Dort jedoch prallen sie immer öfter an der EU-Außengrenze ab. An frisch ausgerolltem Nato-Draht, Zäunen und Grenzschützern, die sogenannte Pushbacks exekutieren: Die Soldaten drängen die Schutzsuchenden notfalls mit Gewalt zurück, obwohl dies nach der Genfer Flüchtlingskonvention illegal ist. Einer der Hin- und Hergetriebenen ist der halb erfrorene afghanische Junge, den Reporterin Sadowska mit einem Team des regierungskritischen Nachrichtenportals wyborcza.pl gefilmt hat. Er wird nun zunächst medizinisch versorgt. Sein weiteres Schicksal ist aber offen.
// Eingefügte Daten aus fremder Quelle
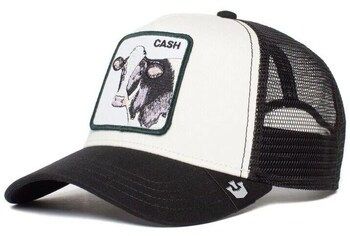 Šiltovky Goorin Bros  The Cash Cow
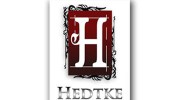 Hedtke Law Group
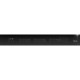 Miele KM 7878-1 FL Επαγωγική Εστία Αυτόνομη 74x38εκ. (12158540)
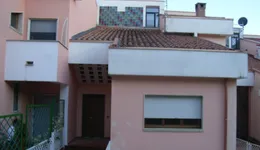 Aste giudiziarie immobiliari online - 8.0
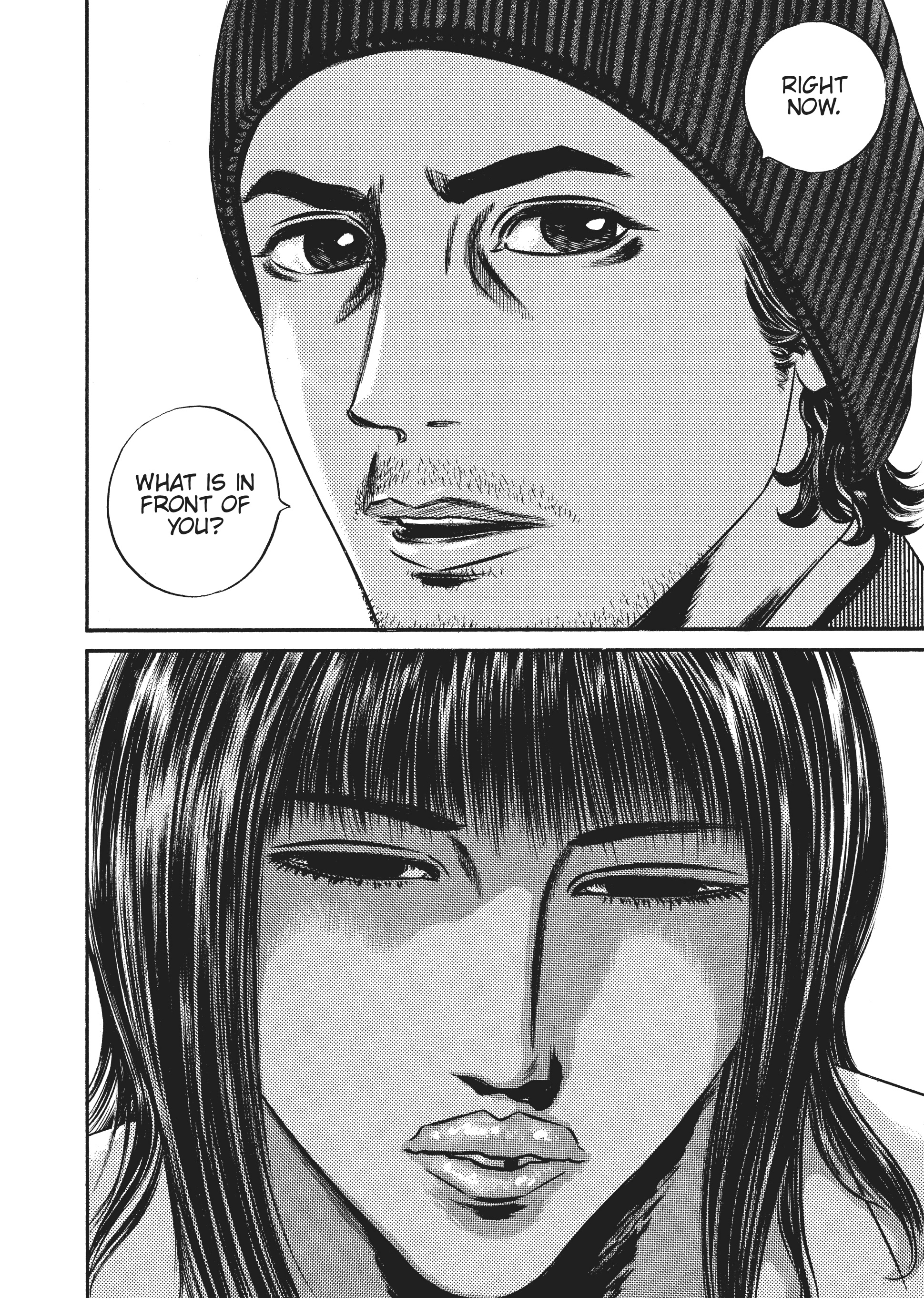 Page 276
Polen, das zuletzt zum neuen Hotspot in dem Migrationskonflikt mit Belarus geworden ist, reagiert mit großer Härte auf den „Angriff“. Lukaschenko nutze „Menschen als Waffen“, argumentiert die Regierung in Warschau. Nach ihren Angaben versuchten allein im August mehr als 3000 Menschen, illegal aus Belarus einzureisen und auf diesem Weg in die EU zu gelangen. Vermutlich auch, weil Litauen und Lettland mit dem Bau von neuen Sperranlagen schon weiter sind. Polens Regierung will den Ausnahmezustand über einen drei Kilometer breiten Landstrich entlang der
Grenze zu Belarus verhängen. Die Zustimmung von Präsident Andrzej Duda gilt als sicher. Das Parlament soll am Montag entscheiden.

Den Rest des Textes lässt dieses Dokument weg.